Rowan Cabarrus Community College dropping law enforcement for private security www.privateofficer.com
SALISBURY NC Nov 10 2011 – Is Rowan Cabarrus Community College about to drop sworn law enforcement officers from providing security on the North Campus in Salisbury and the South Campus in Concord?
A source close to the situation told WBTV that RCCC has asked for proposals for private security firms to take over those duties.
Captain John Sifford of the Rowan Sheriff’s Office confirmed that he had been talking to officials at the campus and that he is very concerned that such a move could put students and staff in danger.
In a letter to Tim Foley of RCCC, Sifford wrote “at present, with armed security, the college has trained officers,” and that after January, “RCCC will have an unarmed security guard to respond to a person armed with an AK-47. They will have no means of protecting the students, staff, or even defending themselves.”
Sifford was pointing to a recent incident where an armed man came on the campus of Elizabeth City State University.
Sifford’s concern is that if there were to be a threat or an incident on the campus, it would take valuable time for an officer to respond. He says an officer on campus “can return fire to protect the lives of the students, staff, and himself, and has a direct communication link, via his portable radio, with all area law enforcement agencies allowing a coordinated response to the shooter to be immediately formed, so that the threat can be neutralized.”
One source told WBTV that the move was being considered as a cost savings. RCCC currently pays officers $20 an hour to patrol the Salisbury campus, $25 an hour in Concord.

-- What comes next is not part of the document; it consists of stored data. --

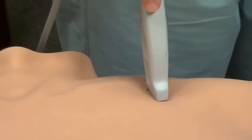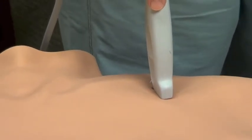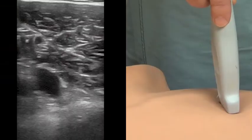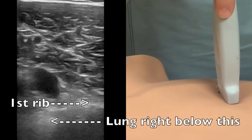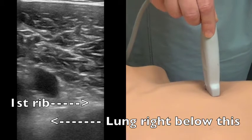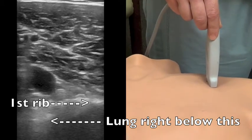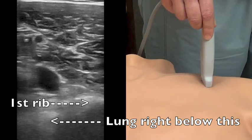From this position we actually have a good view of both the vein and the artery. Also, usually in this position we can visualize the first rib, as it serves as almost a shield or barricade between the vessels themselves and the lung parenchyma underneath.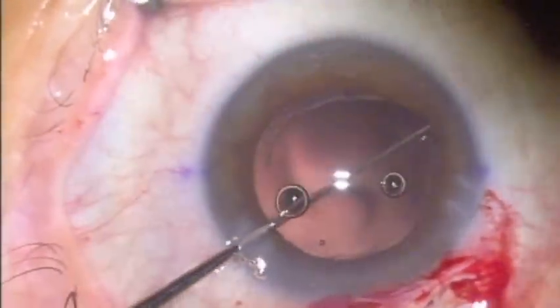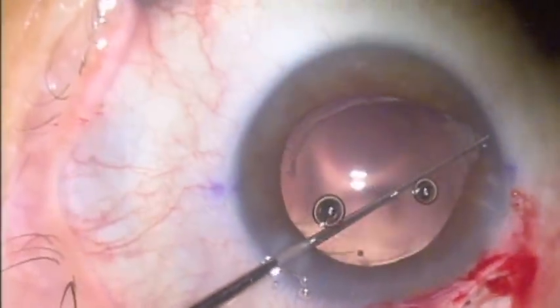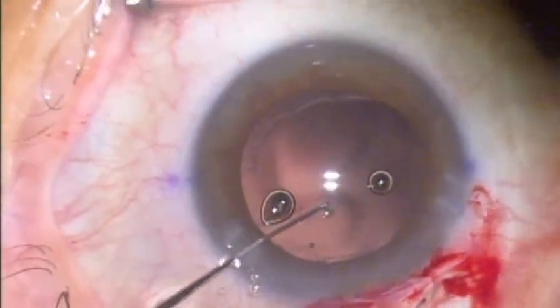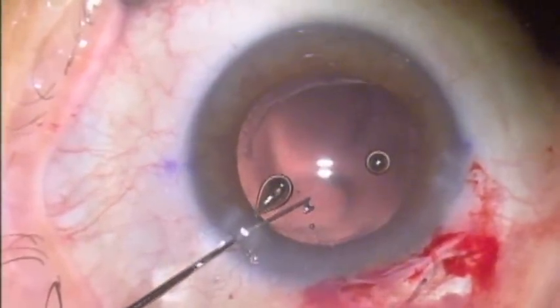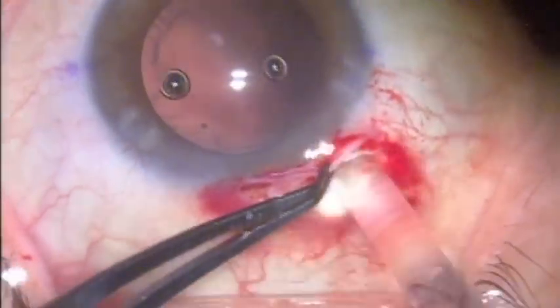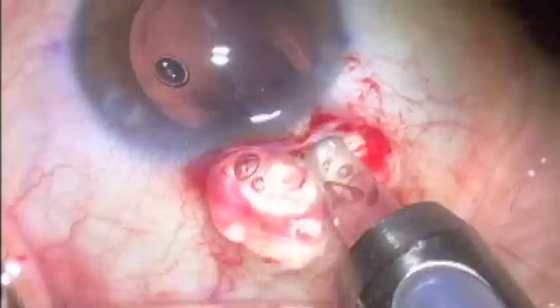Here I'm manipulating that part of the CTR which had been overriding the anterior capsule into the capsular bag completely. After inspecting it, we were able to reposition that part fully in the bag.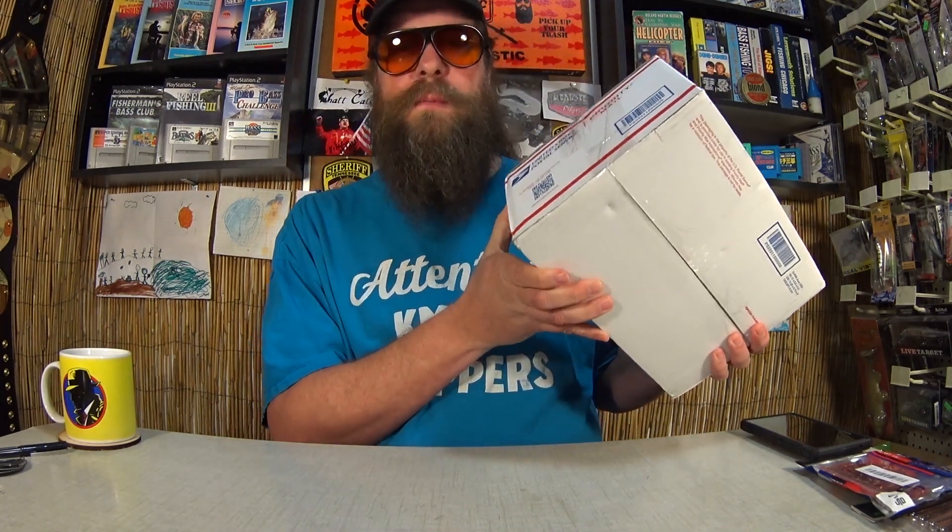This box came in the mail from Oklahoma, and it's pretty heavy. We're gonna cut this open, see what's inside, and we're also gonna pick a winner for the Last Gear Award.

According to one source, bids from private firms were coming in between $15 and $18 an hour.
Only sworn officers are allowed to carry guns on a North Carolina college campus, and private security officers would not have that ability.
On Wednesday afternoon two students from RCCC told WBTV that they didn’t really think have unarmed security would be a problem.

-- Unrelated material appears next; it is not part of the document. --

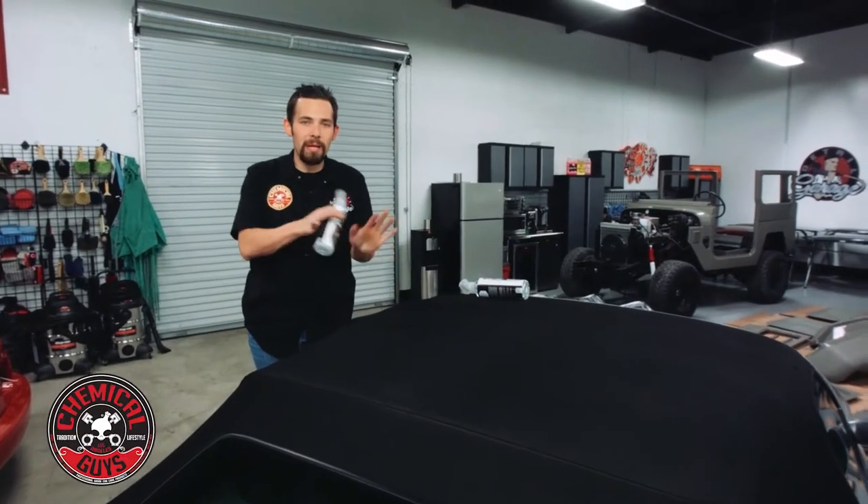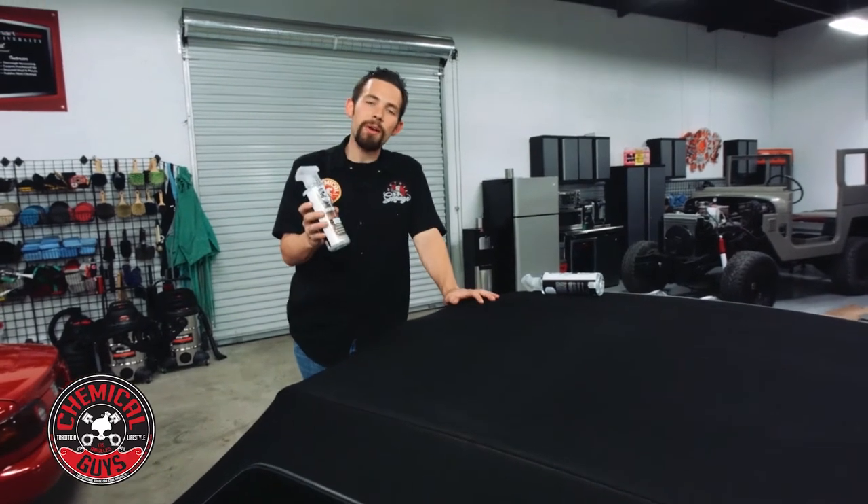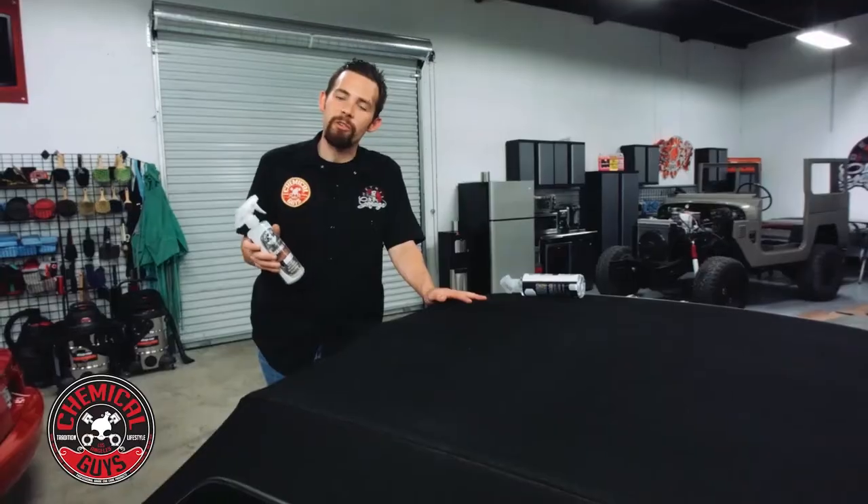Now that we got the whole convertible top cleaned and all the dirt removed, we're going to go ahead and protect it. We're going to be working with the Chemical Guys Convertible Top Protectant and Repellent, which is designed for any fabric, cloth, or canvas convertible top. It also works on tonneau covers as well.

“I don’t think there’s any violence on campus, ” said Bonnie Jo Stevens. “I don’t think there’s any reason to have a gun.”
“Not really a difference either way,” said Kristen Lingle. “Most of the people that are here, they don’t really start any trouble and I don’t see a reason any weapons.”

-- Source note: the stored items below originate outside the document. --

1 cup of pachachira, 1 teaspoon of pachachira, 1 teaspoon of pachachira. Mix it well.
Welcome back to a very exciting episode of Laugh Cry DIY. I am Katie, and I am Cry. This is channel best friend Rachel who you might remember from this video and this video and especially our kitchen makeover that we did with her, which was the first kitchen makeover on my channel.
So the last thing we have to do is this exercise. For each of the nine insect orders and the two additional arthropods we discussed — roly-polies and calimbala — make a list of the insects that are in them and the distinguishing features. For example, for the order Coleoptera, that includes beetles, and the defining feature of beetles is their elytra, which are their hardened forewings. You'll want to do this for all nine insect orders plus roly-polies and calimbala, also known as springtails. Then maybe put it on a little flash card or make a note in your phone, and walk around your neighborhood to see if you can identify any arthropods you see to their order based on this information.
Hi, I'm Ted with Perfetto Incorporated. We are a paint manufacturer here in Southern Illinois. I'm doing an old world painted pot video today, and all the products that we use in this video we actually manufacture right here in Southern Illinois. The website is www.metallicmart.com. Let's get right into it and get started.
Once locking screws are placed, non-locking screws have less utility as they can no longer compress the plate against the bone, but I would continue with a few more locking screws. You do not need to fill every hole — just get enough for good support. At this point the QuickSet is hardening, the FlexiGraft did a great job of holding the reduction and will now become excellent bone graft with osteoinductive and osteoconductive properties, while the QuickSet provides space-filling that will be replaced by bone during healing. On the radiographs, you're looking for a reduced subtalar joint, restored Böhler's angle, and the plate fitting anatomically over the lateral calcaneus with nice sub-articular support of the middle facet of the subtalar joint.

WBTV has contacted RCCC to learn more about this situation.
Late Wednesday afternoon RCCC issued the following response:
RCCC conducted an independent security study of its current security services and processes in June 2011. This study was developed in response to the college’s enrollment growth, the addition of two new instructional facilities (North Campus- Building 400 and the NC Research Campus facility in Kannapolis), declining state and local financial resources, the college’s improved technology infrastructure, and the potential impact of the Rowan County bond projects on signage and location of services to students.
The college is mindful of the critical importance of security for its students, faculty, and staff. To date, we have an excellent record of safety on all of our campuses, and the intention going forward is for that record to continue, and more importantly, for everyone on the campuses to feel safe.
RCCC is the primary provider of initial certification and on-going in-service training for our public safety providers (Fire, EMS, and Law Enforcement). Consequently, we believe that our institution should be a model of best practice in providing for security resources on our respective campuses. The results of the study will help us determine the most appropriate and effective coverage for each of our campus sites.
In the past, we have relied heavily on security to manage traffic and parking at peak times during the semester. With the addition of new facilities, we recognize that there may be other needs that we should consider in establishing security measures for the campus. We recently invested in a significant upgrade to our technology infrastructure that will facilitate instant communication with students, faculty, and staff during an emergency – we want to leverage that technology effectively and efficiently.
The study includes recommendations regarding key deployment of personnel, use of cameras, student and employee identification badges, visitor access, and other areas involving safety and security. The college follows state laws, and a recent law empowers community colleges to remove individuals who are considered as dangerous or who pose a potential threat. In order to be compliant with the law and to protect our employees and students, there will be a requirement with our security providers to develop and deliver training to our entire campus staff.
RCCC’s security has historically included a mix of private security and armed security (employing law enforcement personnel from the primary agencies located within the college’s two county service area). We are currently in a bid process for unarmed security. The bid process was advertised in accordance with state requirements, and any agency with an interest in delivering these services was eligible to apply and attend the pre-bid conference. We anticipate that the college will still contract with local law enforcement officers for security needs that extend beyond those services available from a private firm. This initial bid addresses only phase one of our security plan. Changes in the college’s security strategy are expected to be effective at the beginning of the spring semester. The college is committed to enhancing the security and safety of all campus locations, and this initiative represents the first step in that process.